In the present study we followed the dyads of the Field et al. (2007b) neonatal sample to 3-months of age and assessed the differential effects of dysthymia and major depression on early mother-infant interactions. Although many studies have reported negative effects of maternal depression on early interactions (Tronick & Field, 1996), the effects of different types of maternal depression have not been compared.
Method
Participants
The participants were 63 depressed pregnant women (N=30 with dysthymia, N=33 with major depression) and their infants (M age= 3.5 months, N=32 females). The mothers averaged 28.7 years of age, their socioeconomic status was low to middle (M=4.3 on the Hollighead Index), and they were distributed 53% Hispanic, 27% African American and 20% non-Hispanic white.
Procedure
Two-hundred pregnant women were recruited at a University Hospital prenatal clinic during their first ultrasound visit (M=20 weeks gestation). Following informed consent, the 200 pregnant women were administered the Structured Clinical Interview for Depression (SCID) by trained research associates who were supervised by a clinical psychologist. Seventy-two of the 200 women recruited and diagnosed with dysthymia (N=33) or major depression (N=39) based on the SCID were subsequently seen after delivery of their infants (Field et al., 2007b). Of the 72 women seen at the neonatal period, 63 were seen again at 3months for an assessment of mother-infant interactions.
Measures
Center for Epidemiological Studies Depression Scale (CES-D) (Radloff, 1977)

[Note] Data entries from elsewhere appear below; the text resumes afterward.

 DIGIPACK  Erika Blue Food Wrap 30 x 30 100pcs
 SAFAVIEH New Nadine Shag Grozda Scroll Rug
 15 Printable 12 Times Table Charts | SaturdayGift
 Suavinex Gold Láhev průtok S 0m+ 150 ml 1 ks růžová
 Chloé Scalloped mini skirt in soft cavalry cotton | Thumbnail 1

This 20-item scale was included to assess symptoms of depression. The subject is asked to report on her feelings during the preceding week. The scale has adequate test/retest reliability (.60 over several weeks), internal consistency (.80–.90) and concurrent validity (Wells, Klerman & Deykin, 1987).Scores can range from 0 to 60. A score of 16 on the CES-D is considered the cut-point for depression (Radloff, 1991).

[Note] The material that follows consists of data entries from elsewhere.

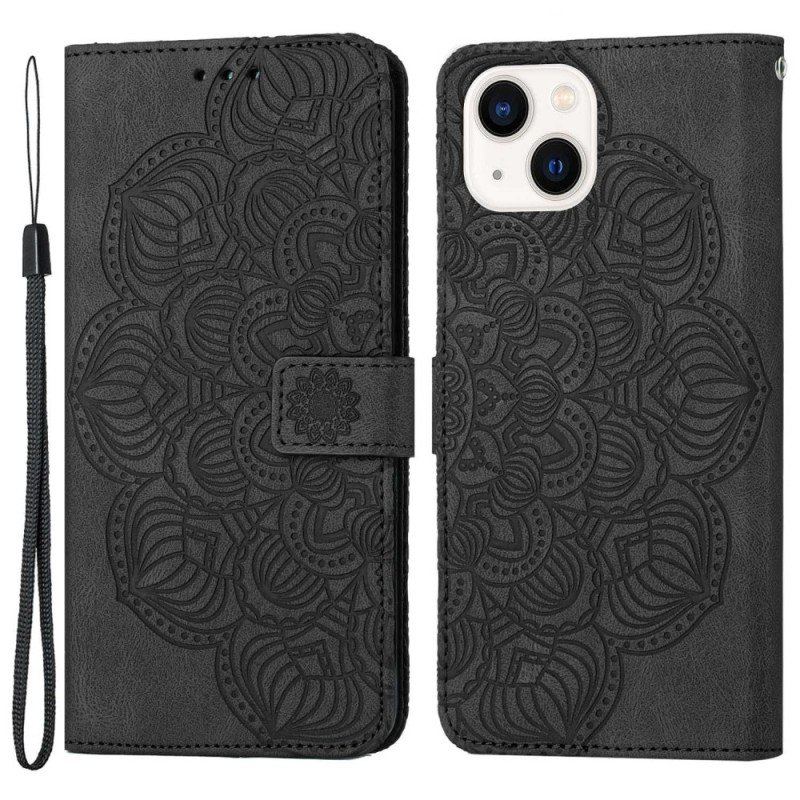 Fodral iPhone 14 Med Kedjar Strappy Mandala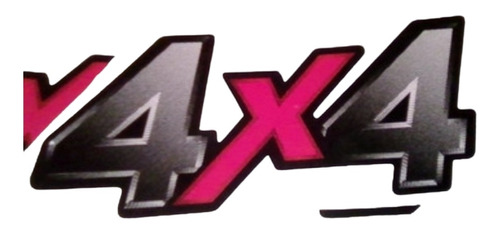 Emblema 4x4 Chevrolet Luv Dmax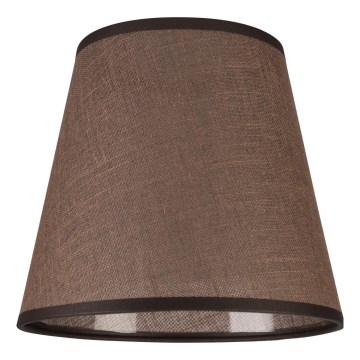 Ersättningslampskärm för vägglampa LORENZO E27 diameter 16 cm brun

Mother-Infant Interactions
For the face-to-face interactions at 3 months, the mother and infant were seated facing each other, approximately 18 inches apart with the infant in an infant seat on a table and the mother seated on a chair at the table. These interactions took place at our research institute lab. The dyads were videotaped during the 5-minute face-to-face interactions. The mothers were asked to “pretend you are playing with your infant like you would at home”. Two videocameras were located behind the infant and the mother, and a split-screen generator was used to simultaneously record the infants’ and the mothers’ behaviors.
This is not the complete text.